One of the most impressive wines served at this lunch (see my tasting notes on all of the wines we were served in Bordeaux) was the latest vintage of an old favourite, Sigalas Assyrtiko 2009 Santorini. We were served it alongside Boutari, Kallisti Assyrtiko 2007 Santorini and I must say that I found the younger wine much purer and more exciting. The Boutari wine seemed sweeter and rounder. It was 'pleasant' but had none of the razor-sharp minerals and citrus of the 2009 hand-crafted by ex-mathematician Paris Sigalas into this really delicate but assertive 13.5% bone-dry wine.

Anyone who has visited the volcanic island of Santorini will have been struck by the extraordinary vine 'training' here whereby the vines creep along the ground in low basket shapes to withstand the winds (as shown here chez neighbour Hatzidikis). It is not surprising that fine wines made here taste intensely of the volcanic rocky soil. This delicate wine, crammed with extract in the way of a fine German 2009 Riesling (on which we will be publishing hundreds of tasting notes tomorrow), would make a great aperitif but was also delicious with the mezze that formed our first course.
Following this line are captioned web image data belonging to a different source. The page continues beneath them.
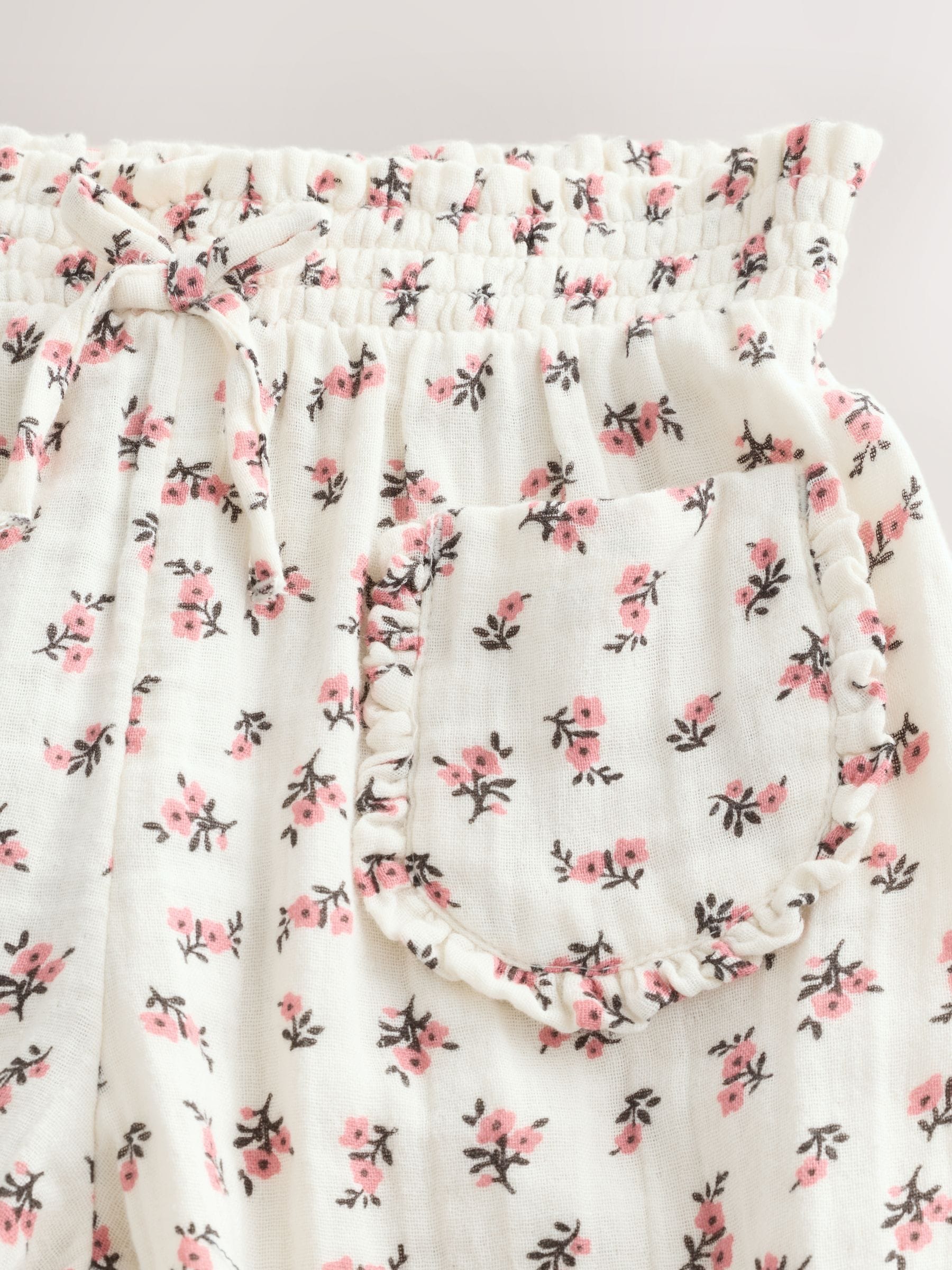 Cream/Pink Floral Ditsy Pull On Trousers (3mths-7yrs)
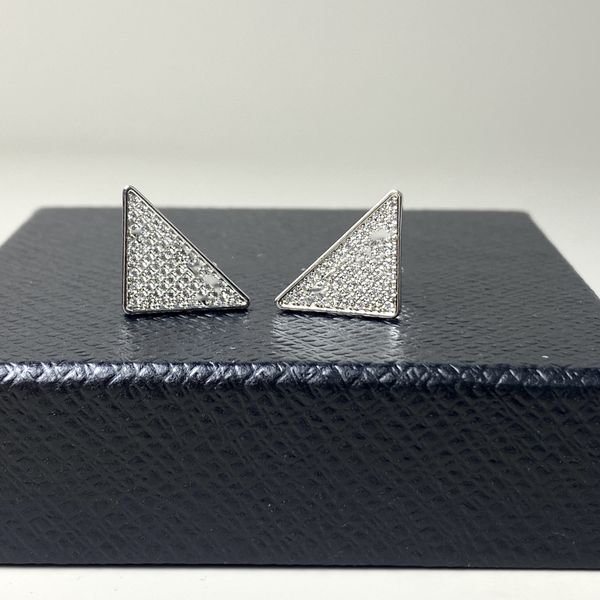

designer women charm earrings diamond fashion 925 sliver jewelry triangle, Golden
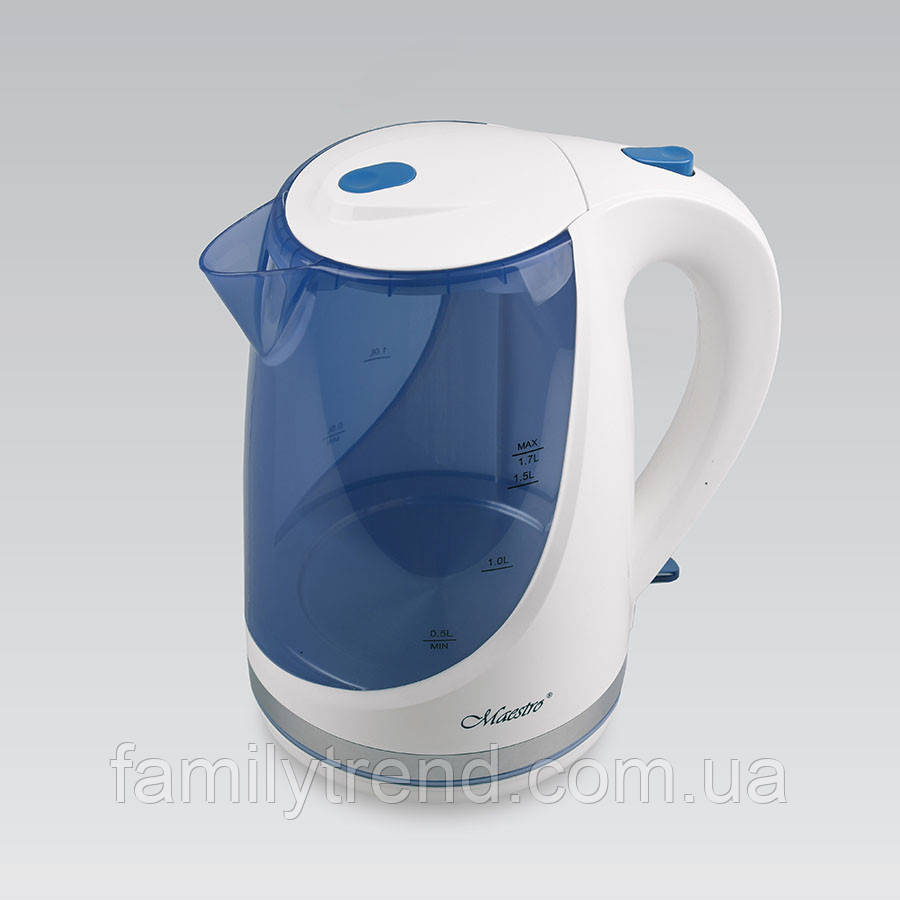 Електричний чайник 1.7 л дисковий Maestro MR-044-BLUE Електрочайник 2200 Вт для дому, офісу, дачі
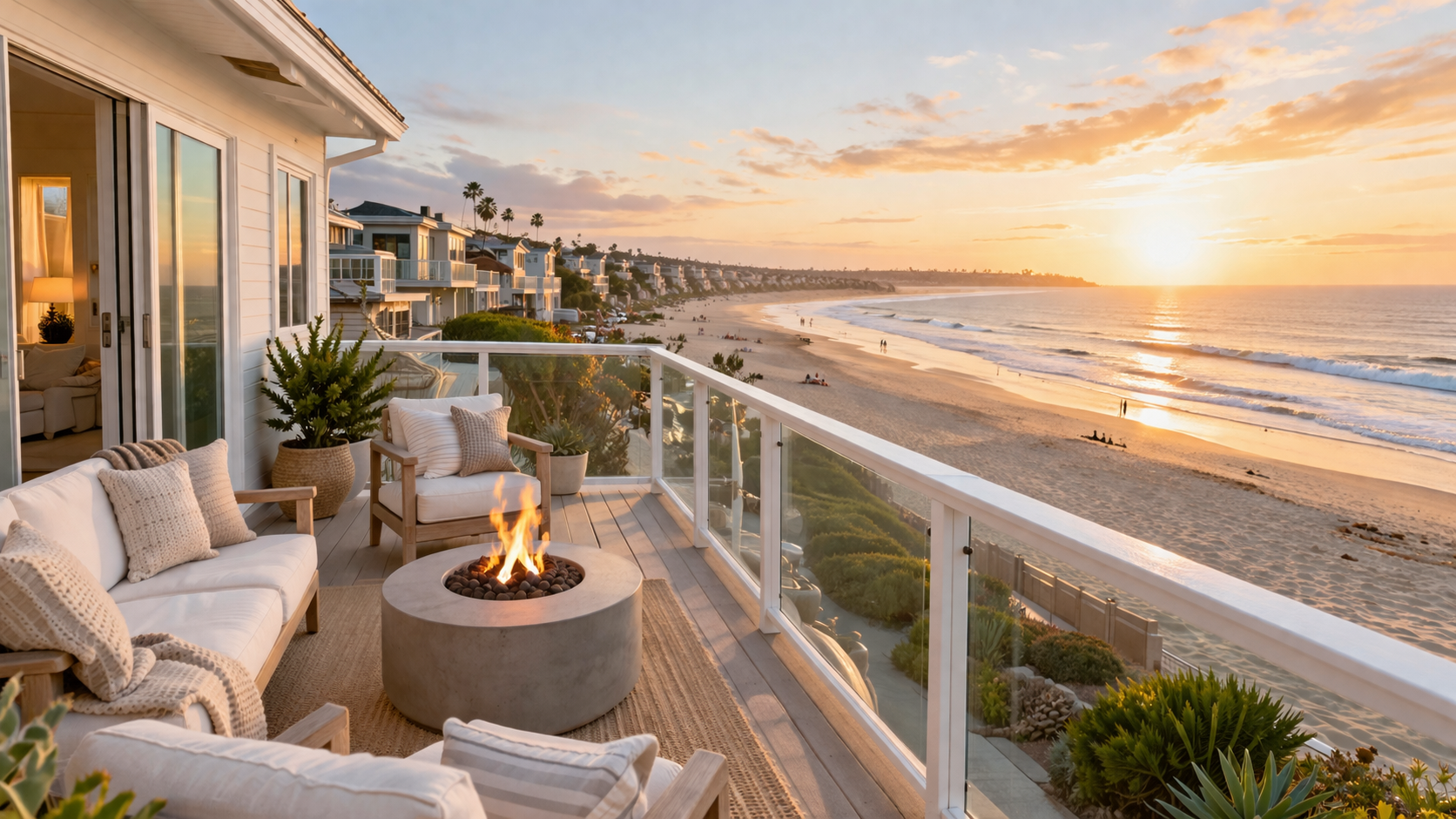 Beachfront deck with fire pit at golden sunset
That smoked aubergine puree, baba gaboush, seemed a particularly fine match.

Fortunately this delicious dry white is relatively easy to find in the US (and in Germany) but unfortunately for us Brits does not seem to be available in the UK at the moment. The traditional UK importer Vickbar Wines reports, 'The combination of Santorini ex cellars (Greek winemakers act as if there is no crisis and there is nothing that a bit of price inflation won't solve) and current Euro/£ would result in a retail price of around £16 (at the current VAT rate) for a bottle and that before any age. A bit venturesome, I thought. However, if you think it's a snip at the price, let me know and the pallets can tumble in.' And Berry Bros, who have sold it in the past, are not currently offering the 2009 either. Shame!

I'm not sure it is quite worth £16 a bottle but I would happily pay, say, £12 for it.